News from The Globe and Mail
To buy or rent a burning question for freelancer
Saturday, July 24, 2004
At the age of 43, Montreal freelance artist Maria Ellsworth (not her real name) wants to buy a house. There's a problem, however, because her annual net income, $34,320, is based on fluctuating contract work.
It is not dependable enough to qualify her for a conventional mortgage for the three-room condo she would like to have. A condo would let her escape escalating rents, provide a place in which she could retire, and offer the possibility of tax-free gains when she sells it.
Maria's family is willing to give her $50,000 for a down payment, which she would take if she goes ahead with the condo purchase, and she could get another $20,000 from her registered retirement savings plan, but there remains the central question: Is it better to rent at a prospective cost of $500 a month for her share of an apartment or go for equity in a condo that could, she fears, make her house-poor for years to come. Maria is single and has no plans to change that status.
"I've shared apartments for 15 years to keep my costs down," Maria says. "Even the costs of sharing are rising out of my range,' she says. "I have to contain my living costs. Home ownership seems the way to do it."
What our expert says
Facelift asked Caroline Nalbantoglu, a fee-only financial planner at T.E. Financial Consultants Ltd. in Montreal, to speak with Maria in order to clarify her choice.
The planner's conclusion: "Maria has the right idea in wanting to buy a condo. Her challenge will be to maintain a steady cash flow even though her income is uncertain."
The buy or rent question is not unusual, but in Maria's case, the issue is more difficult, Ms. Nalbantoglu says. Maria, who has no car, needs to be near the downtown area in order to have access to public transport. Whether renting or buying, she has geographically limited choices in a very hot market.
Maria has already done a good deal of homework to prepare for a possible house purchase.
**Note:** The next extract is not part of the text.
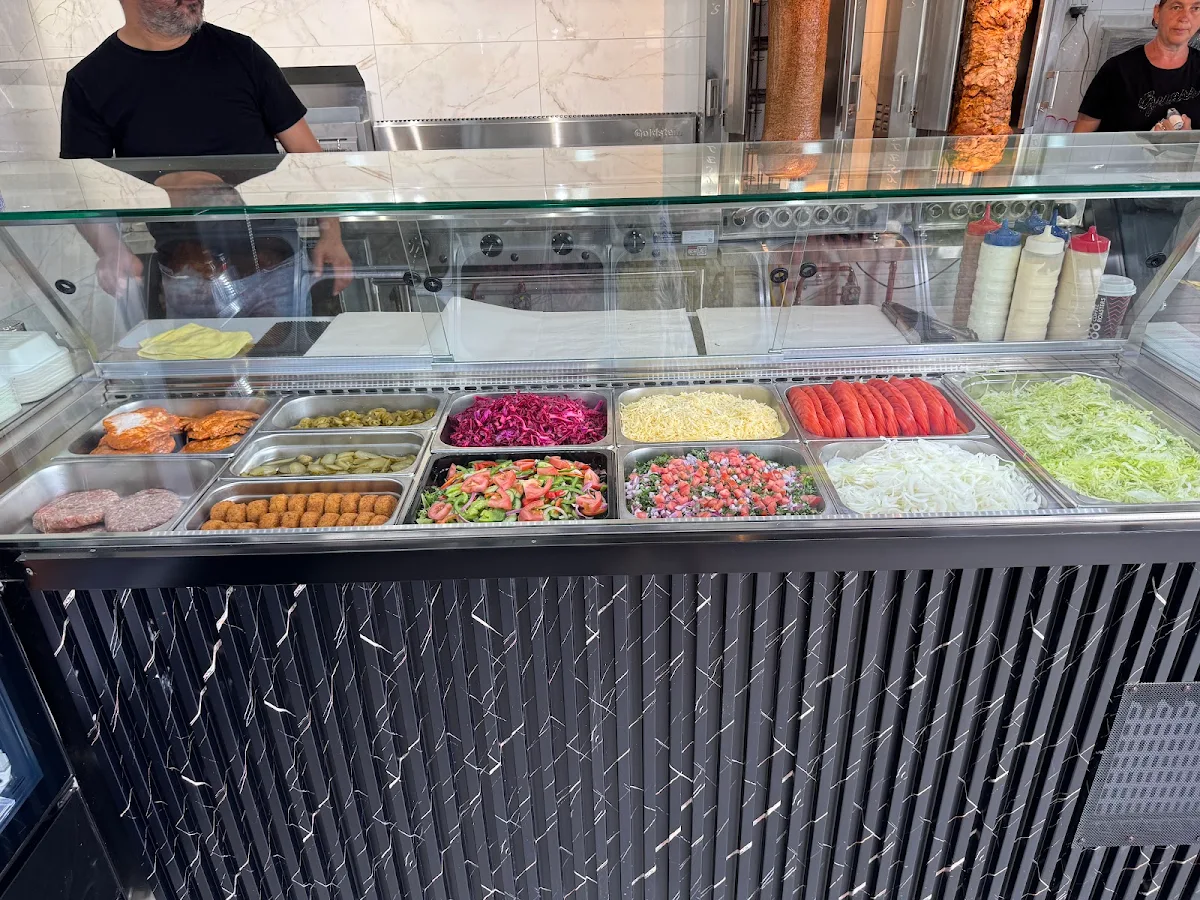 Vibe, Golden Grill Turkish Street Food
Her financial situation comes down to what she can allocate to a mortgage.
With expenses of about $22,600 a year, Maria has $11,700 a year of potential savings.
In the past, she has invested this money in her business.
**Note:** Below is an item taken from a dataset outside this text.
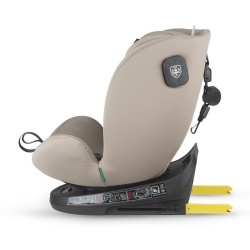 Scaun auto rotativ cu isofix grupa 0-36 kg Coccolle Nova 2022 Moonlit Grey - Img 5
Maria had obtained a preapproved mortgage loan for up to $150,000 for five years at 4.7 per cent. Lack of swift action in closing a deal on a condo led to a loss of the guarantee, the freelance artist says.
Should Maria buy now or wait for prices to come down? Rising interest rates tend to push down house and condo prices, the planner says. Five-year rates hover around 6.7 per cent with a 25-year amortization and could go higher.
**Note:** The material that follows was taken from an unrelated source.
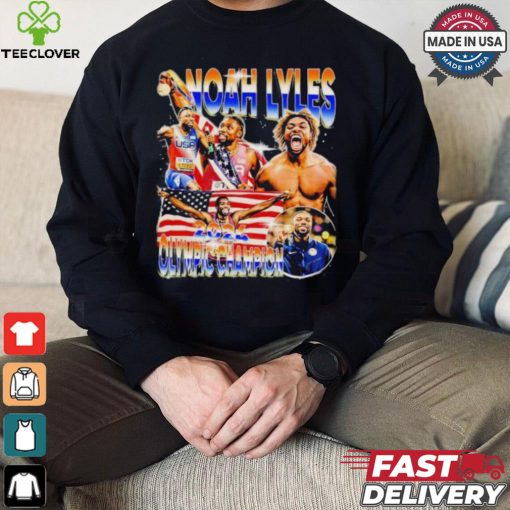 Olympic Games Noah Lyles Champion Olympique 2024 T hoodie, sweater, longsleeve, shirt v-neck, t-shirt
"Sooner may be better than later," the planner says.
Maria can add money to her potential house purchase budget, Ms. Nalbantoglu suggests. She could take $20,000 from her $40,000 RRSP, but she should leave that money for retirement, the planner recommends. Her down payment is therefore $50,000 and payments on the remaining $100,000 mortgage will be about $681 a month. On top of that, she will have monthly costs of $100 for condo maintenance fees and $100 for property taxes, Ms. Nalbantoglu adds.
Maria should not leverage all her cash flow on the house, the planner warns. After she buys the house, she should put $500 a month into a savings account in order to have a safety net of at least one or two years' savings. After she establishes that reserve, she should work toward putting $6,000 a year into her RRSP.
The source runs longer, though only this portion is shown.